Development of Linguistic Resources and Automatic Text Adaptation Tools - PhD thesis by Margot Madina Gonzalez
Margot Madina Gonzalez
Projektleitung: Dr. Melanie Siegel, Dr. Itziar Gonzalez Dios
Beteiligte Institutionen: Hochschule Darmstadt, University of the Basque Country (UPV/EHU)
Dauer: 09/2022 bis 09/2025
ikum
Access to information, knowledge and culture is a right for all citizens. However, written text does not always match our ability to understand what we read. Easy-to-Read Language (E2R) aims to overcome these comprehension barriers, therefore promoting equal opportunities.
This model is accessible to anyone with a minimum reading level, but it is mainly aimed at specific user groups such as people with intellectual or developmental disabilities, people with cognitive difficulties or people with low literacy, among others. E2R is a way of making any written text more accessible through the use of clear, direct and simple language. However, it does not only consist on the summarization of a text or the substitution of complex words; E2R counts with a set of rules that may vary depending on the language, and it might also include examples, visual and/or auditory aids that are not present in the source text. The creation of such aids is also part of the adaptation process.

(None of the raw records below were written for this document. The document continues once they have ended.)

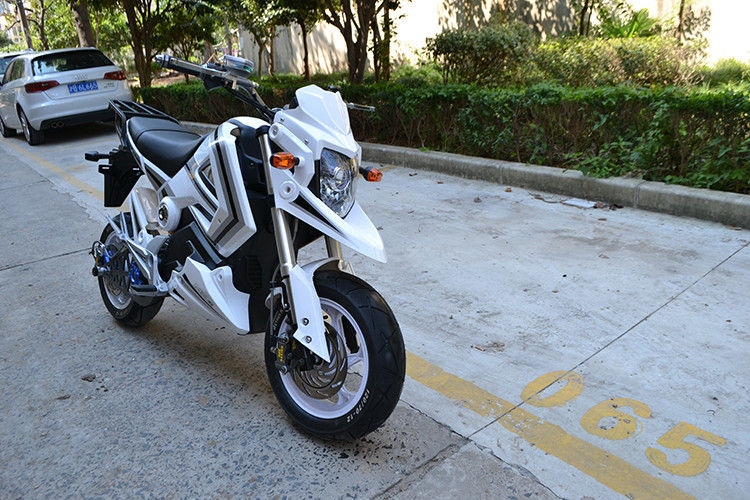लीड के साथ 60 किमी / एच 1500w इलेक्ट्रिक स्कूटर मोटरसाइकिल - एसिड बैटरी 72V 20AH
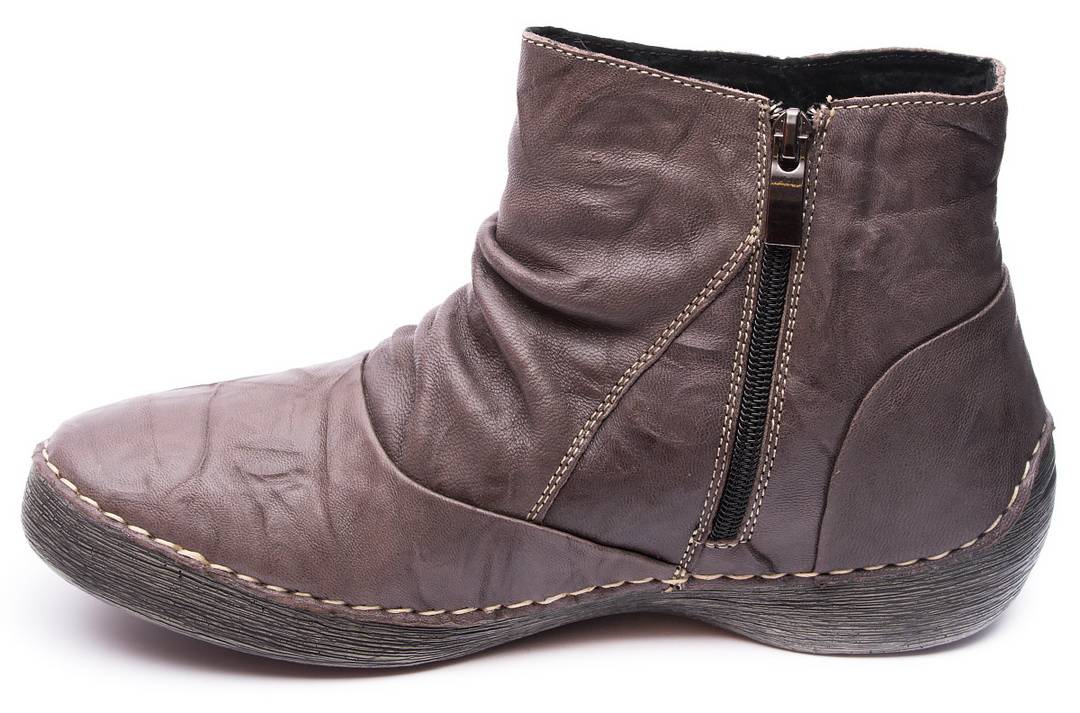женские ботинки  натуральная кожа/байка gugu германия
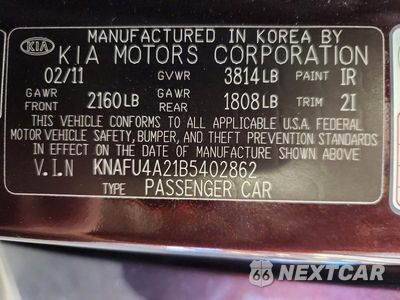 Zdjęcie 12 z 12 samochodu: 2011 KIA FORTE EX VIN:KNAFU4A21B5402862 - miniatura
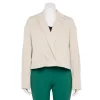 Plus Size FLX Double-Breasted Crop Blazer -Active & Workout Clothes Store 5581578 Sand Trap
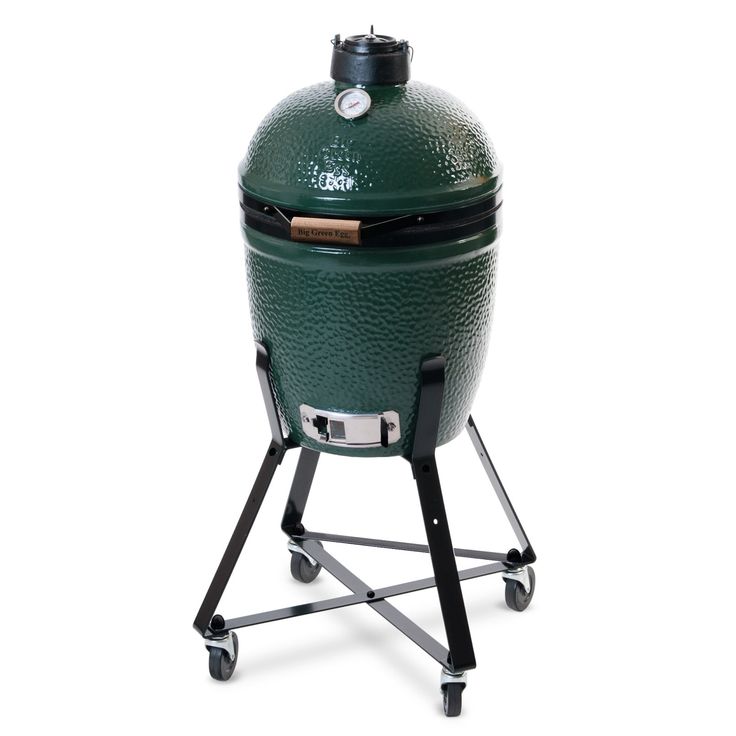 Jalusta Big Green Egg S-grillille, pyörillä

Furthering accessibility via existing resources
Unfortunately, there are not many linguistic resources nor adaptation tools available for E2R. This is a major problem, as automatic adaptation processes for this language model lags years behind other advances that have already been made for standard languages, such as machine translation processes. This is a great disadvantage for those who present difficulties in the reading process, since they cannot access every text they would like and can only rely on those texts that have been created specifically in E2R. This project aims to evaluate the existing resources for E2R automatic adaptation and to create new resources and adaptation tools. It will be focused on three European languages: German, Spanish, and Basque.
Language plays a pivotal role in today’s society. The automatization of the above-mentioned processes will lead to an improvement in the current state of E2R automatic adaptation. The spread of E2R and the creation of linguistic resources and adaptation tools based on E2R will contribute to the inclusion of those who, due to various reasons, present difficulties understanding a standard language.
Main scientific contributions of this dissertation
- Establishing the theoretical background for E2R automatic adaptation, taking into account both ATS techniques and linguistic features that affect the outcome.
- Compiling the existing parallel databases and create new ones when necessary.
- Proposing ATS techniques that enable the adaptation of standard language into E2R. These techniques will be designed to be adapted to different languages and thus be able to be used in multilingual environments and with multiple languages.